▶ **Given information**:
╭──

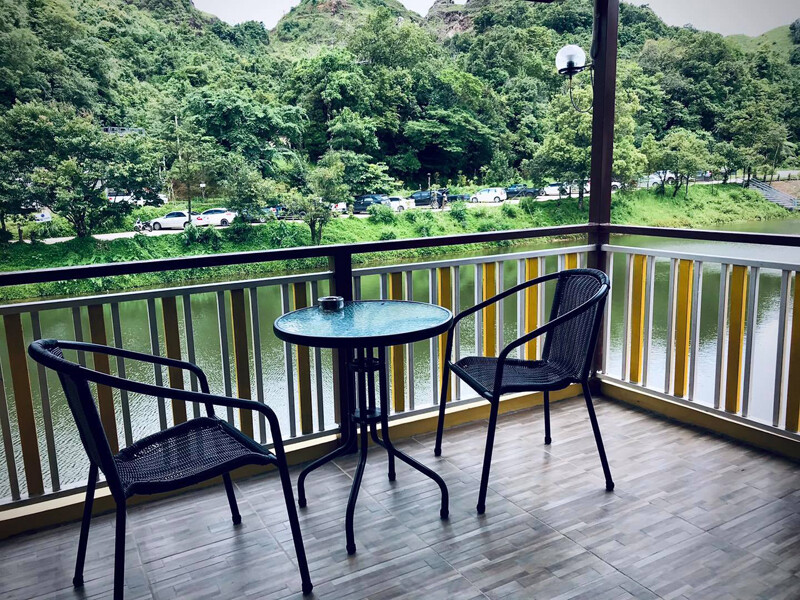 top 10+ ที่พักปิล็อก 2567 ที่พักอีต่อง ปิล็อก ราคาถูก บรรยากาศดี ท่ามกลางหุบเขา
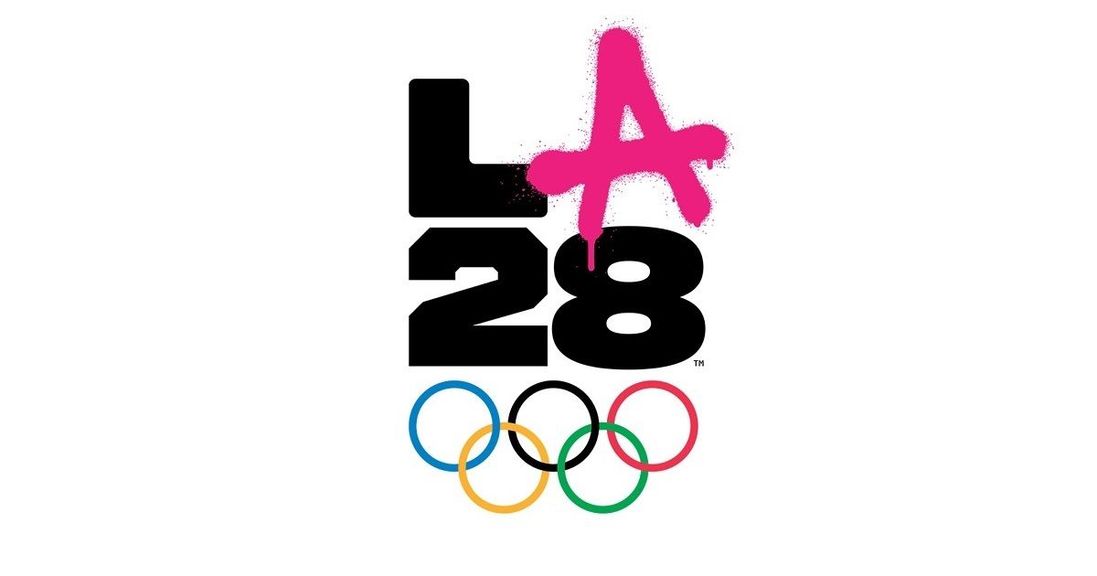 
                                        Pickleball isn't on the docket to debut at the 2028 Olympics. Instead, a few other sports made the cut.
                                    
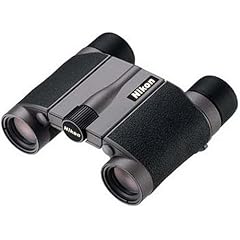 Nikon High Grade Light 8x20 DCF WP Fernglas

╰──

Repeat the lines from the line containing "Pickleball isn't on" through the end of the material above exactly, with no pictures and nothing else.

▶ **Expected answer**:
                                        Pickleball isn't on the docket to debut at the 2028 Olympics. Instead, a few other sports made the cut.
                                    
 Nikon High Grade Light 8x20 DCF WP Fernglas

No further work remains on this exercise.